Server downtime & Action Plan
UPDATED POST & VIDEO HERE
This post is in result of the two outages we’ve had in the last 31 days.
2019-04-07 09:00:47 Connection Timeout 1 hrs, 6 mins 2019-05-05 18:54:20 Connection Timeout 7 hrs, 45 mins
The first issue was due to a network configuration which was assumed good to be pushed live, The second, Longer one was due to our geolocation compared to our user load – A script that failed to execute ran the server up to 100% and crashed some services at about 4AM Local time, We had no fallbacks and this was clearly a mistake, Below I’ve outlined the steps we’re taking to prevent this in future and keep our customers updated.
We’ve submitted an order for a bigger and better main server – This will allow us to allocate as much resources as possible to Postable, We’re moving all our sister sites and tools to a seperate server in order to eliminate any bottlenecks or potential issues.
We’ve only deployed uptime robot to monitor our website and send push alerts when it notices an issue – This isn’t good enough, We’re currently looking at some paid options but will settle on something with calling or webhook integration so we can ensure someone is alerted if there is any issue for more than 20 minutes.
Fallbacks and software solutions
We’re looking into fragmenting our service and using a cluster of servers with failover protection, This would take some time to implement but we’re very aware this needs to be looked at.
We’ve also set up a new software monitoring panel to help us find irregularities and problems – we’ll be combining this some network monitoring tools and a new firewall.
What to expect
This will be a big change – Once our servers are provisioned we will be doing a database migration – This should take anywhere from 30 minutes to 3 hours depending on network load, The current time we’re looking to do this is 2 PM on the 9th of May – Brisbane, Australia time.

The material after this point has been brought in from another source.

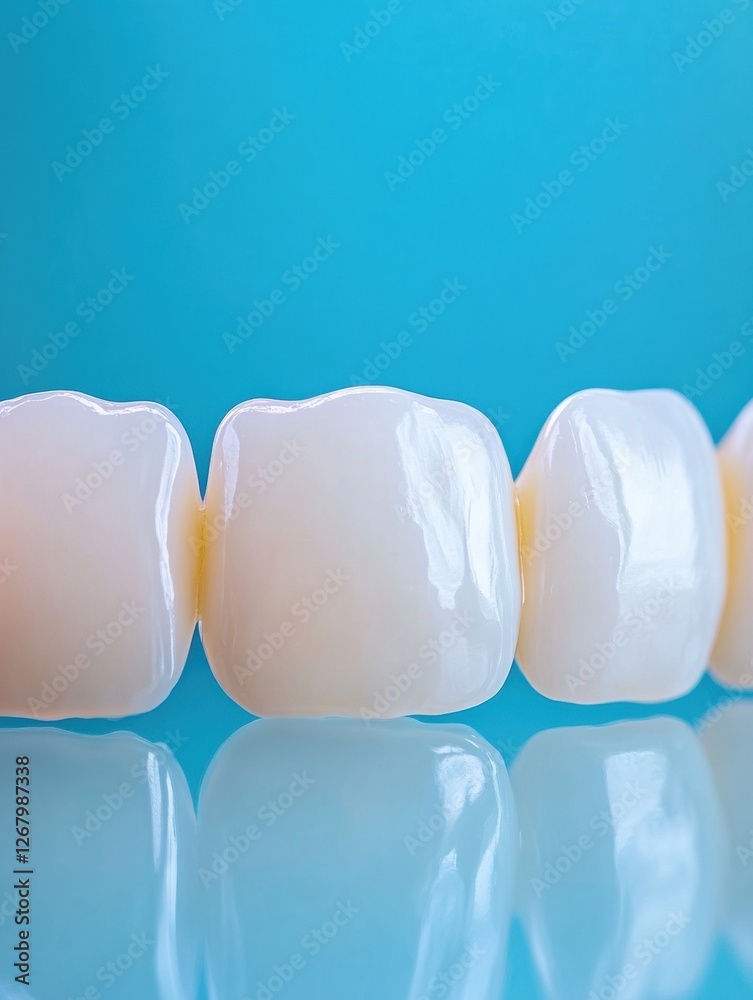 Poster transforming smile brightness through effective teeth whitening with noticeable results and clear di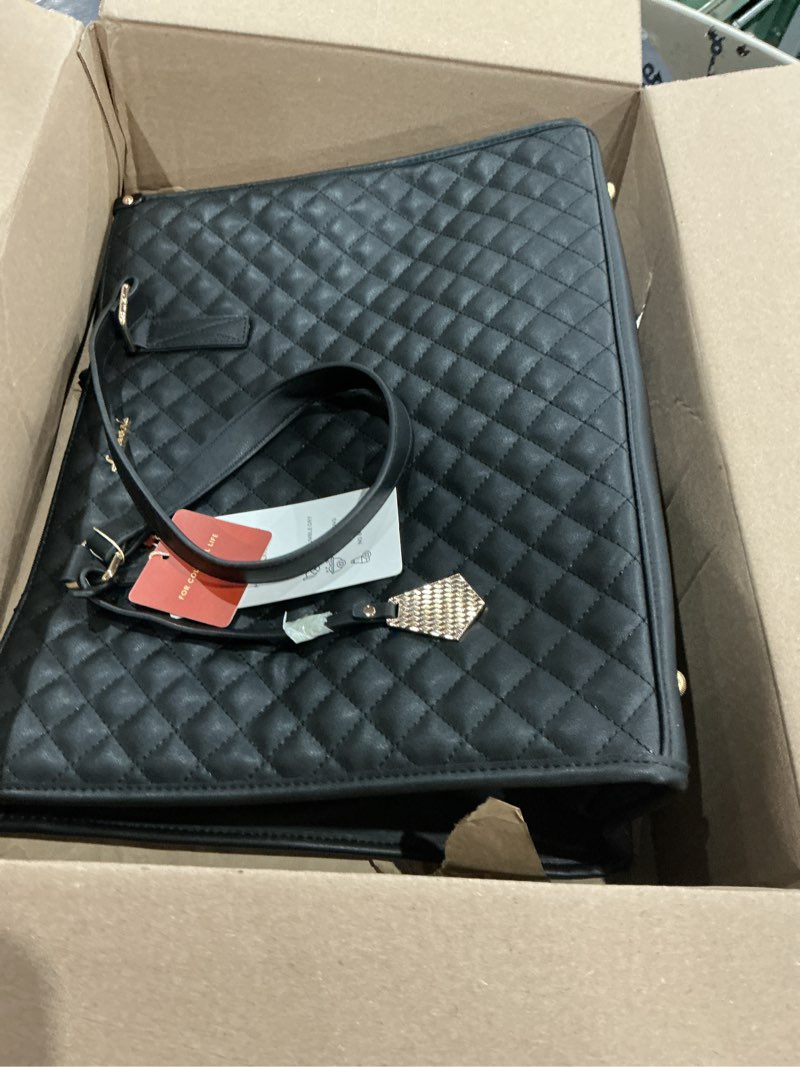 Condition photo showing Good Condition for lovevook lunch tote bag for women,  laptop bag with insulated lunch compartment, quilted large capacity computer handbag with purse for business, work, nurse, office, collage, casual, black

This will give us an opportunity to migrate our servers, set everything up and monitor – We will be upgrading our Video Encoding during this time so if you’ve had video issues this will be fixed.
Delays – Bugs and slowed down support time
We can work our best to make this Bug free and pain free – but they will happen and our live chat will be delayed, If you have any immediate problems related to billing please reach out we will do our best to assist but if you’re having issues with bot speeds, we will be aware and working on it.